A auto-estima é um conceito central para a Psicologia. Uma procura pela palavra auto-estima no motor de busca da ISI Web of Knowledge revela um total de aproximadamente cinquenta mil artigos publicados. Estes artigos abrangem um grande leque de áreas em psicologia como por exemplo estudos de aculturação (Berry & Sabatier, 2010), comportamento de risco (Backer-Fulghum, Patock- Peckham, King, Roufa, & Hagen, 2012) ou métodos de acompanhamento psicológico (Morton, Roach, Reid, & Stewart, 2012). De facto, a partir de finais dos anos 70 registou-se um crescimento de trabalho científico a investigar a forma como as pessoas se vêem a si mesmas. Foi com artigos como os publicados por Kuiper e Rogers (1979) ou Markus (1977) que a auto-estima começou a ser considerada como um constructo fundamental para o estudo da personalidade (para um resumo ver, Swann & Seyle, 2005).
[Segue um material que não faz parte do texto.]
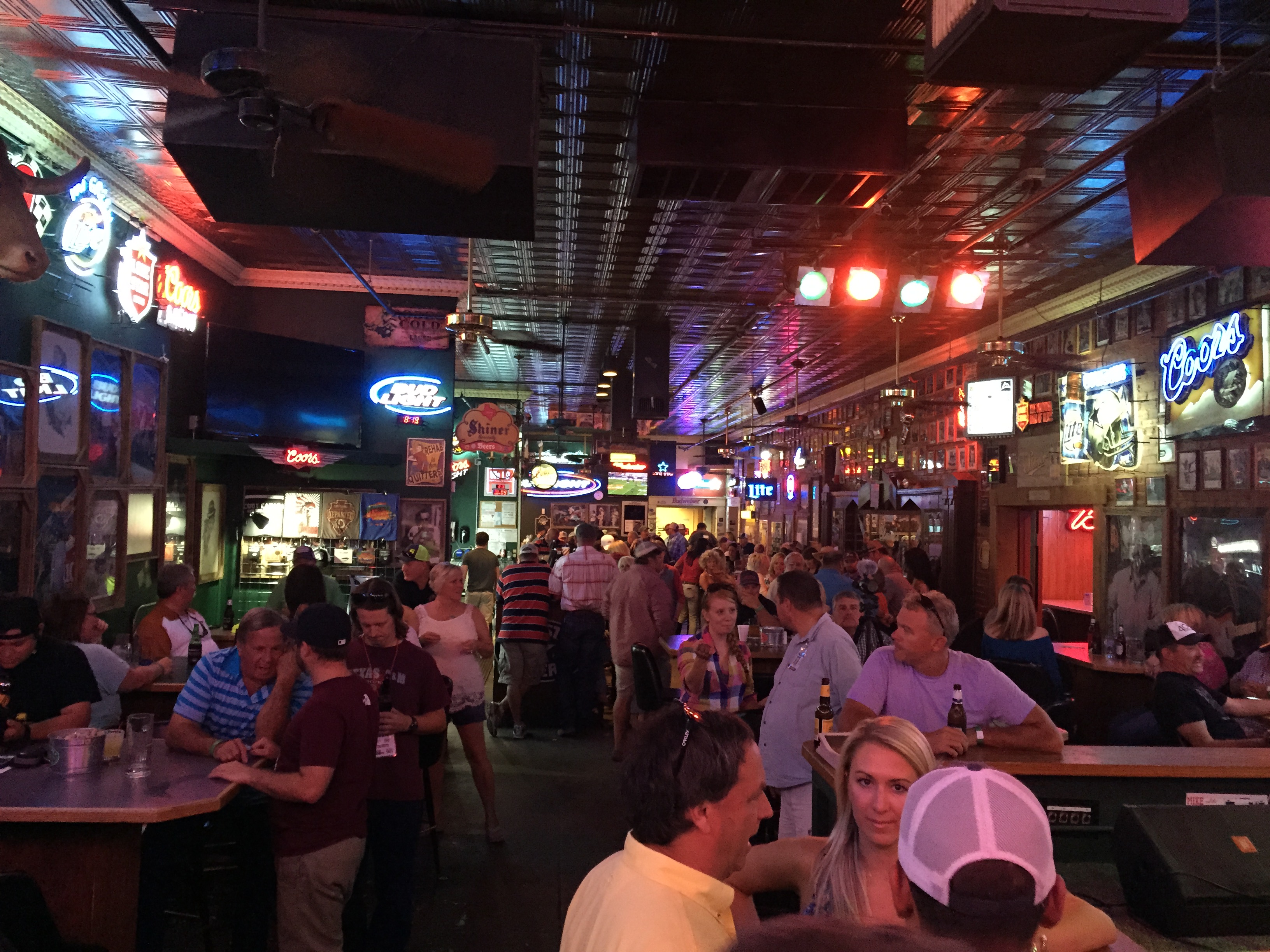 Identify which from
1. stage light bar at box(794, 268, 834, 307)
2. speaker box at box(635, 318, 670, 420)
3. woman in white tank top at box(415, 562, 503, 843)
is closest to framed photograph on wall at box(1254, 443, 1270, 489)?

Esta evolução foi naturalmente acompanhada por avanços na forma de medir a auto-estima. Apesar da existência de diversas escalas e métodos, hoje em dia uma das medidas mais utilizadas é a escala de auto-estima geral de Rosenberg (1979). Esta escala tem sido utilizada sistematicamente em mais de 45 mil artigos segundo a ISI Web of Knowledge, abrangendo diversas áreas e tendo como objectivo medir a auto-estima enquanto traço de personalidade. No entanto, uma outra linha de investigação defende que o auto-conceito2 tem características estáveis (e portanto medidas através da escala de Rosenberg) mas também outras características maleáveis e adaptativas (Markus & Kunda, 1986) às quais as escalas de auto-estima geral não são sensíveis. De certa forma, o auto-conceito pode sofrer alterações momentâneas como por exemplo acontece quando um indivíduo se compara com alguém extremamente bem-sucedido. Nestes casos é possível sentir-se um certo contraste que inevitavelmente se traduz numa redução da auto-estima (Tesser, 1988).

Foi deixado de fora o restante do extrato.